Oil painting is great for plein air because you don’t have to worry about the paint drying quickly. I wouldn’t use regular acrylics outdoors (but apparently the slow-drying ones dry closer to oils) and my experience with watercolor outdoors is that it dries significantly faster than at home and the studio, making the medium even more stressful than usual. Similarly, gouache is great for plein air, but also dries kinda quickly depending on the weather. Oil is tough to beat in terms of convenience, if only it was easier to lug everything!
Oils are very beautiful while applying the paint, it has a nice shine to it, but that does go away when it dries. People often use medium like linseed oil to get that shine in their paintings and afterwards you can get back the shine with a gloss varnish. I’ve been using gamvar lately to great effect.
Creativity
I’m no expert on creativity, but I have experience with a lot of blockers!

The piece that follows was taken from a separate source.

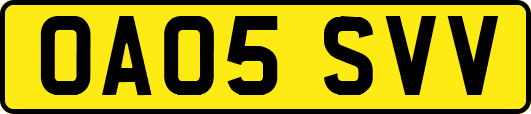 OA05SVV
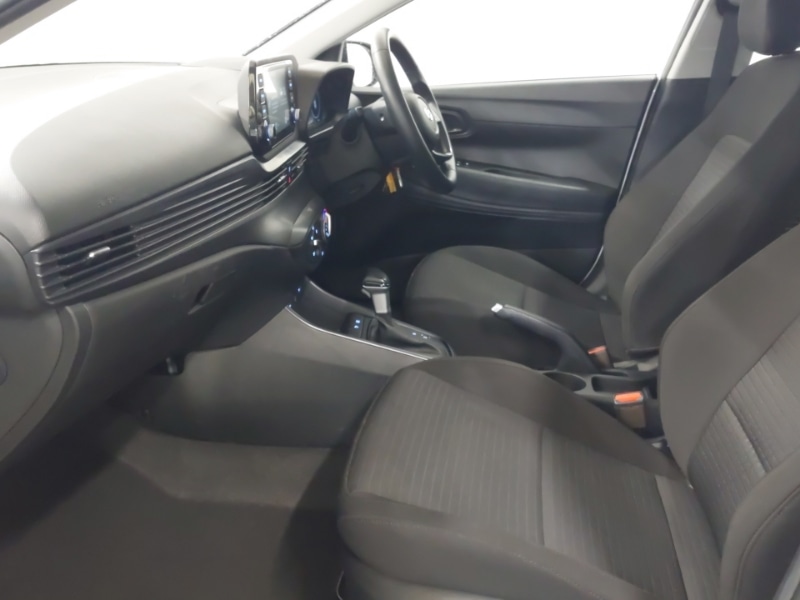 Used Hyundai i20 2023 for sale - 78014048: Photo 5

I can at least focus on those.
Classes are both good and bad. Technique is useful and important, but it’s easy to just go to class and do the reps and not ever think about why you signed up in the first place. It probably was to make something, some idea you had.
I have a bad habit of getting into the zone and drawing fast, but it’s easy to miss things that way. My own journey has been slowing down and checking my work more often, which has helped me a lot.
I used to free sketch a lot pre-pandemic. No reference, just random doodles of things that would pop up in my head. I think it’s important to do that even if you’re a realist painter because it helps you think about composition and generates ideas. I’ve been doing it a lot more lately and it’s giving me some great ideas for some upcoming paintings.
I understand why classes tell students to focus on drawing first, but I think “good students” like myself take the rules too seriously. One of the advantages of learning as a child is there’s no fear of failure, which makes it much easier to experiment. I wish I had gotten into painting much earlier even if I was bad at it and my adult fear held me back from trying it for many years.